■ **Action item**:
All lines below must be repeated exactly, with the pictures omitted.

── Dataset extract ──

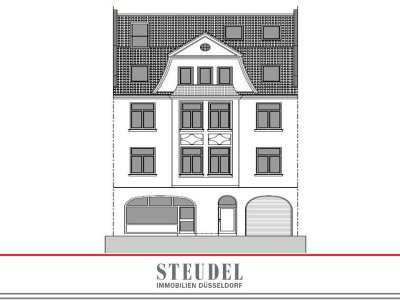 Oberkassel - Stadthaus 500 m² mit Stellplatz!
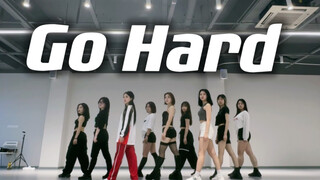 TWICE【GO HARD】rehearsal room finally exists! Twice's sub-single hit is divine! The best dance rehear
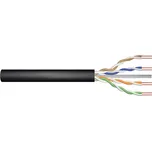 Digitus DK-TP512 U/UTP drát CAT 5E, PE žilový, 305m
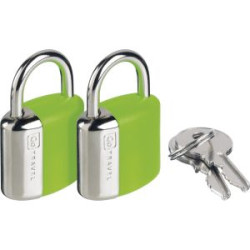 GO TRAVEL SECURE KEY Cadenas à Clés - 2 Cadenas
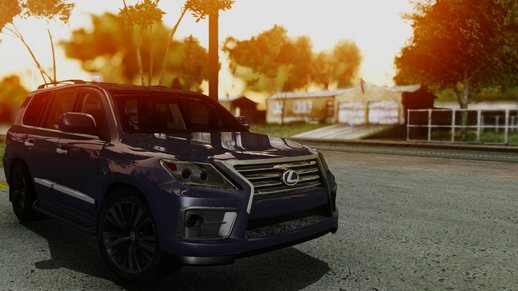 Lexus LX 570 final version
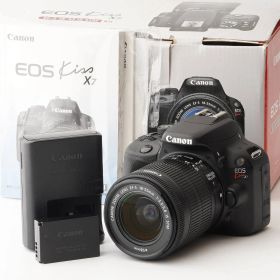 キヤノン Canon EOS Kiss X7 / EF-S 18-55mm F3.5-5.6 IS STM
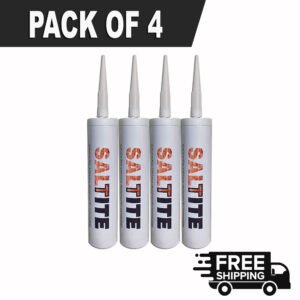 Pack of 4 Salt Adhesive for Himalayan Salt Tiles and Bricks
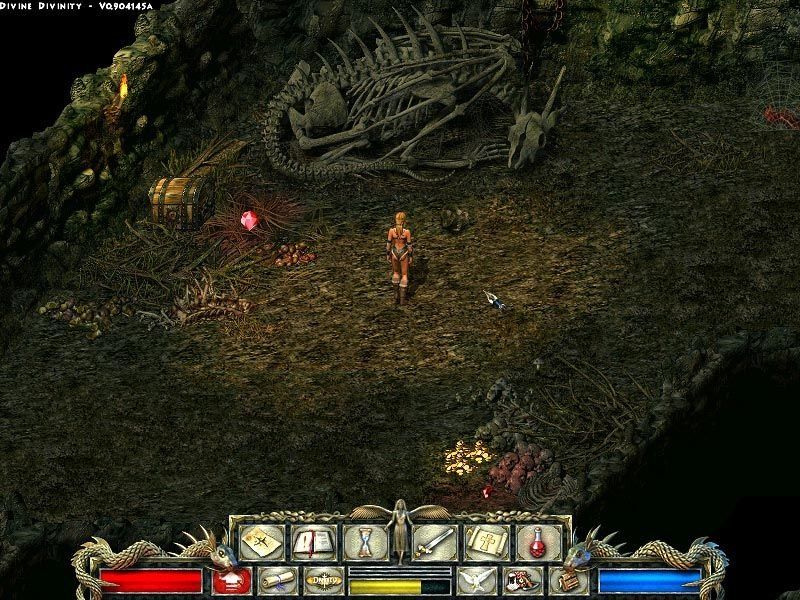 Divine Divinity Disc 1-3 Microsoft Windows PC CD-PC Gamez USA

───

■ **Response to the exercise**:
 Oberkassel - Stadthaus 500 m² mit Stellplatz!
 TWICE【GO HARD】rehearsal room finally exists! Twice's sub-single hit is divine! The best dance rehear
 Digitus DK-TP512 U/UTP drát CAT 5E, PE žilový, 305m
 GO TRAVEL SECURE KEY Cadenas à Clés - 2 Cadenas
 Lexus LX 570 final version
 キヤノン Canon EOS Kiss X7 / EF-S 18-55mm F3.5-5.6 IS STM
 Pack of 4 Salt Adhesive for Himalayan Salt Tiles and Bricks
 Divine Divinity Disc 1-3 Microsoft Windows PC CD-PC Gamez USA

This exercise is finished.